Try it. Return the material below exactly, but only from the line with "Marks and Spencer" through the line with "SCHNEPP JACQUELINE WC", and without its pictures.

Provided information.
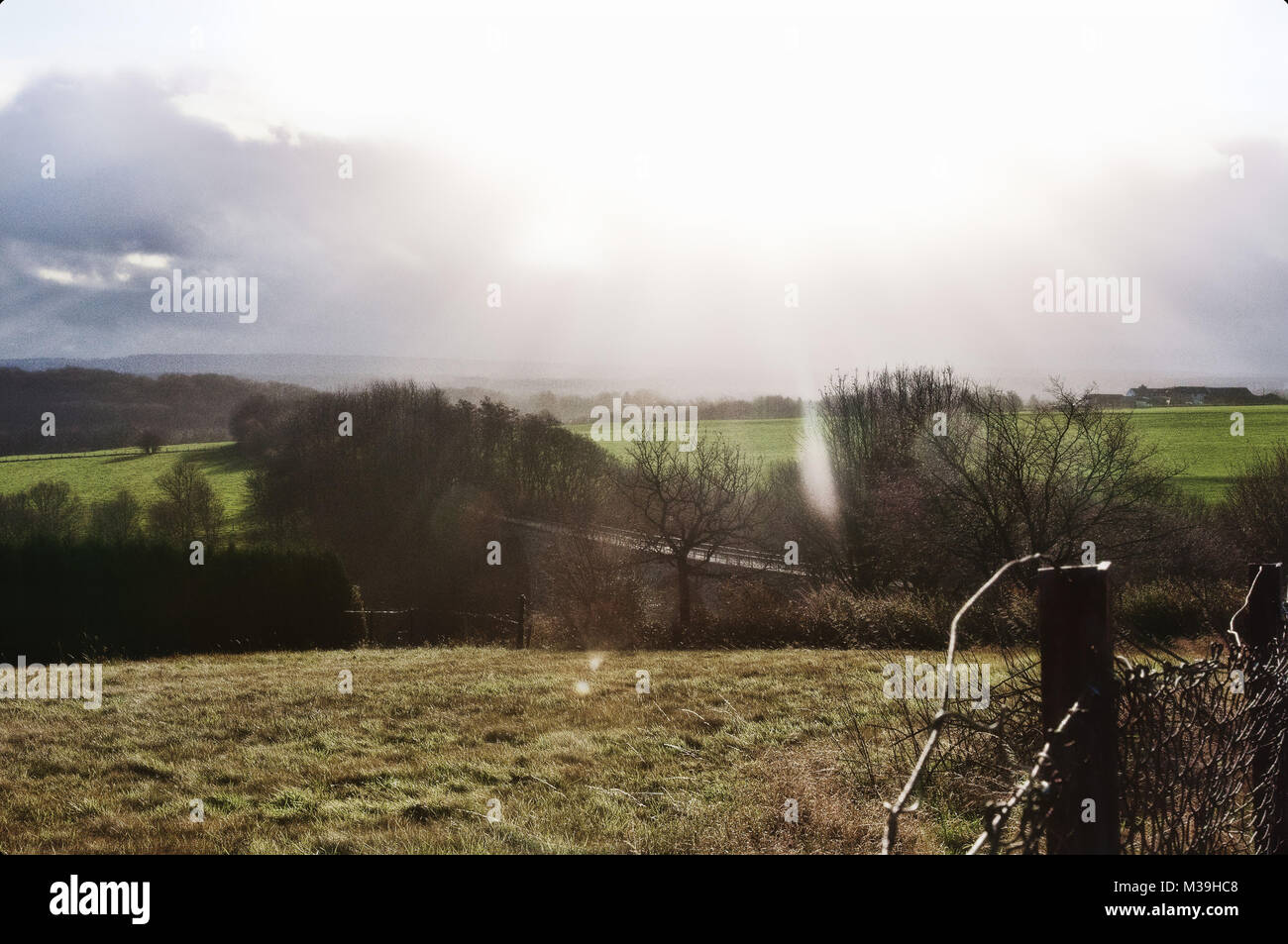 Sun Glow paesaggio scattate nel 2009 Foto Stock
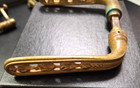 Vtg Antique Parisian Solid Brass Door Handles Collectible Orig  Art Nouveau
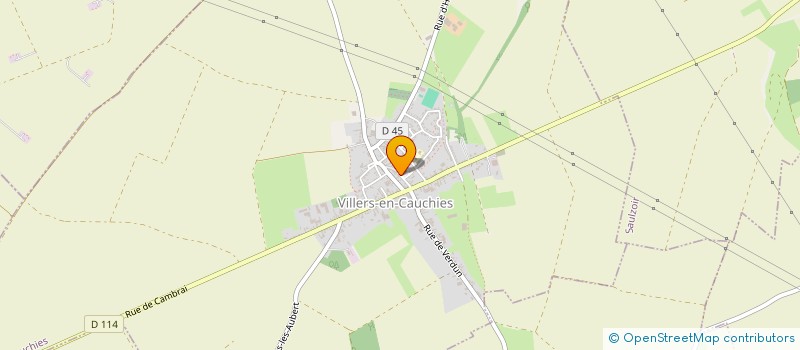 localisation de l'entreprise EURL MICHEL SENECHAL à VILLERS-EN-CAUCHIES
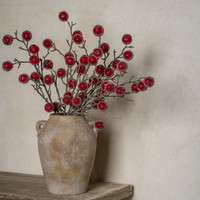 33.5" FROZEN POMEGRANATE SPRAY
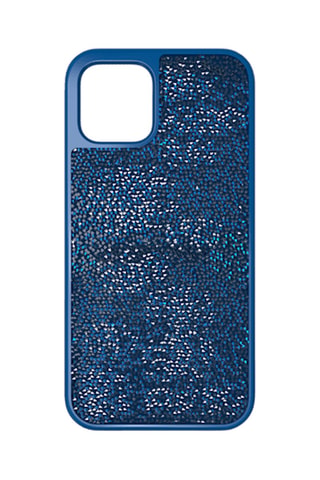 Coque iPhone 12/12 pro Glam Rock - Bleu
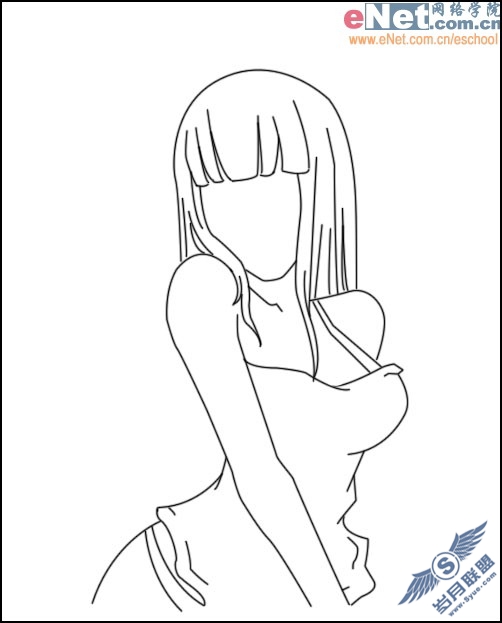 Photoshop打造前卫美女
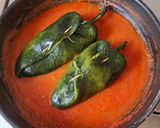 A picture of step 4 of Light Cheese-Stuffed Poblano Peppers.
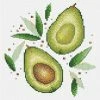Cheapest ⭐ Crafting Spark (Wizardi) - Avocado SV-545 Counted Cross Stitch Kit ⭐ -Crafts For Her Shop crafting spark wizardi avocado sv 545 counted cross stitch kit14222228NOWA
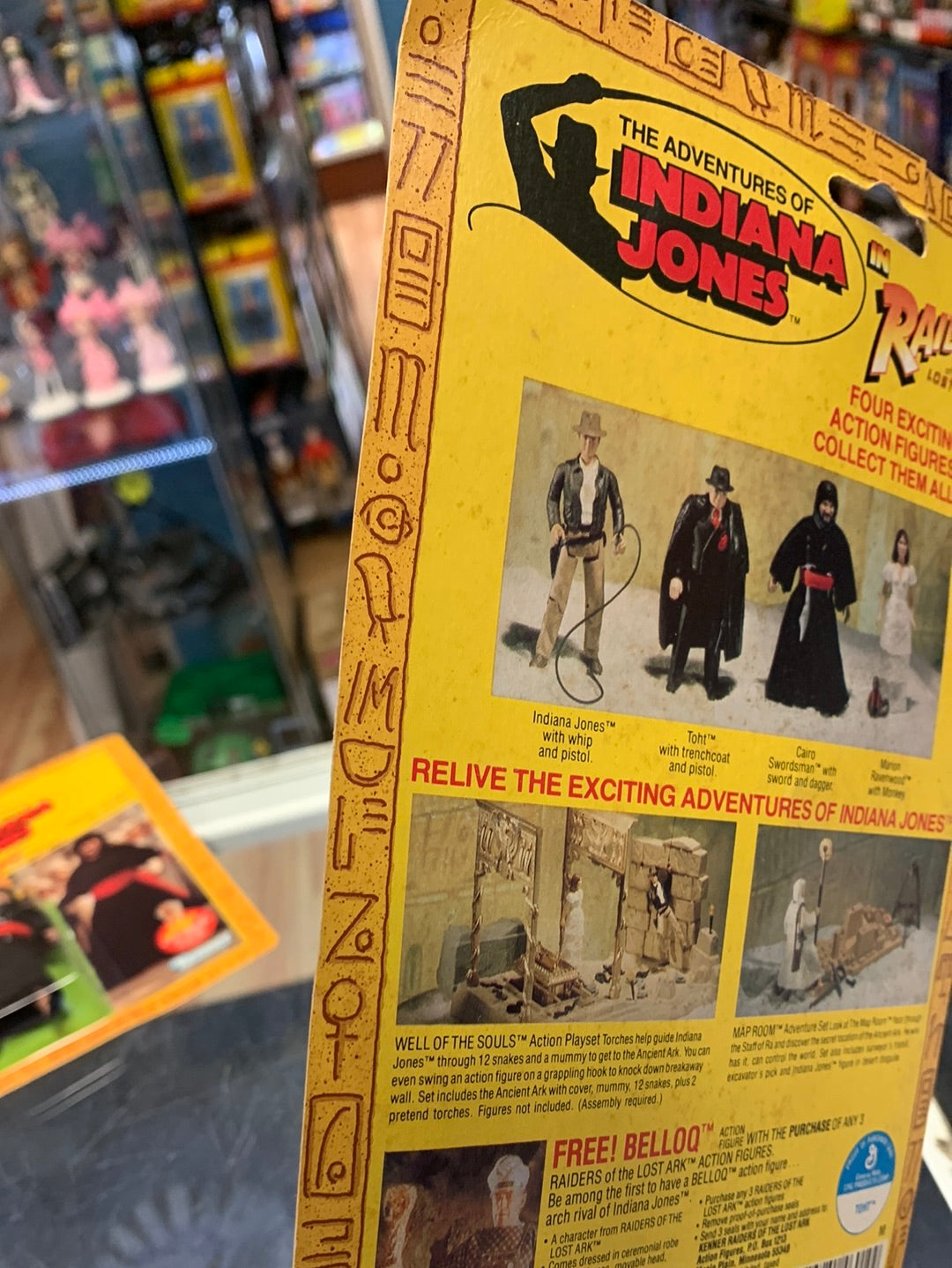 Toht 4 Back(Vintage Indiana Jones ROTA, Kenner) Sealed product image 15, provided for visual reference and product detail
...
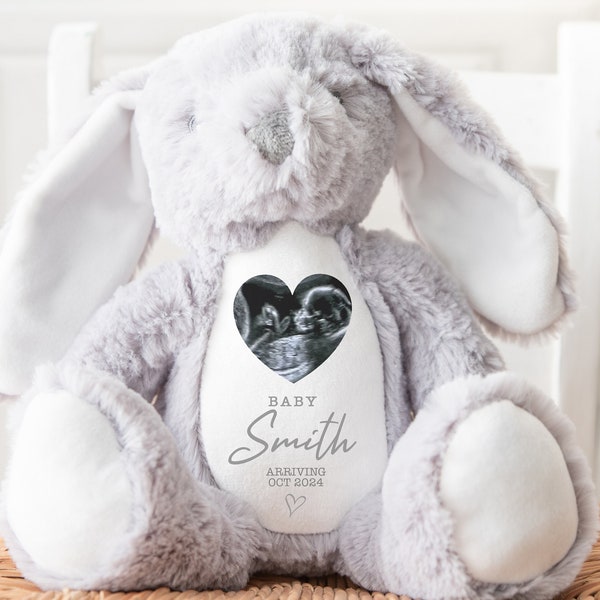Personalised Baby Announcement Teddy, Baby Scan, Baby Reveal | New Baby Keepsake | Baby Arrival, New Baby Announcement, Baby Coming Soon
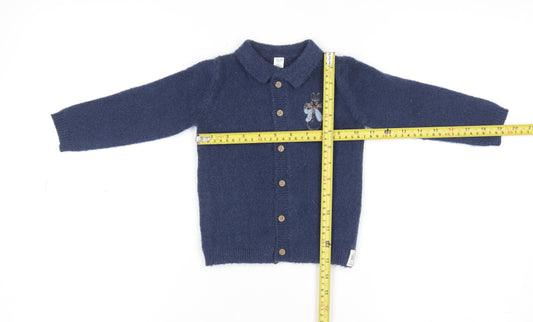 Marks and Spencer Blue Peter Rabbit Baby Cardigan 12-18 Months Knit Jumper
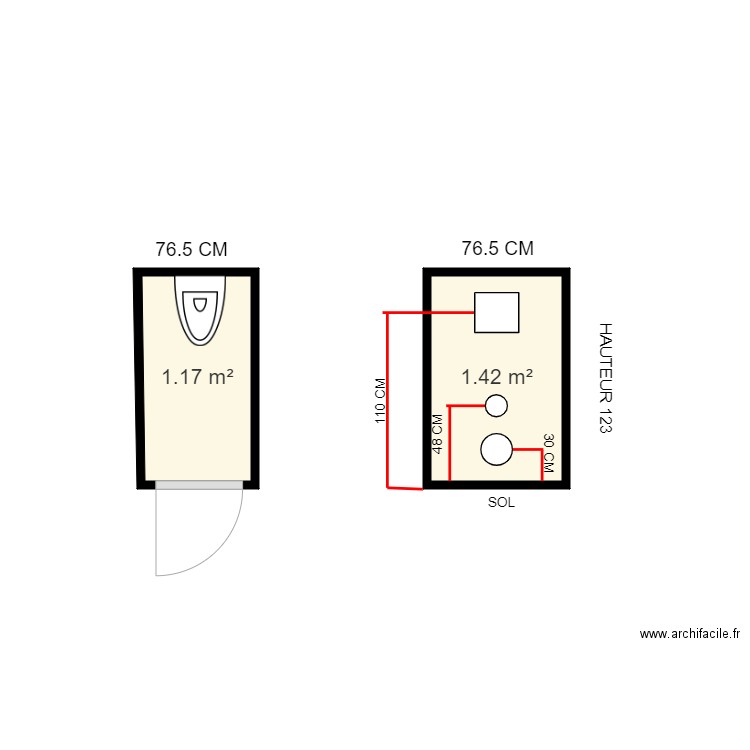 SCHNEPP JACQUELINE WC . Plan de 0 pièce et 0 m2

Exercise answer.
 Marks and Spencer Blue Peter Rabbit Baby Cardigan 12-18 Months Knit Jumper
 SCHNEPP JACQUELINE WC . Plan de 0 pièce et 0 m2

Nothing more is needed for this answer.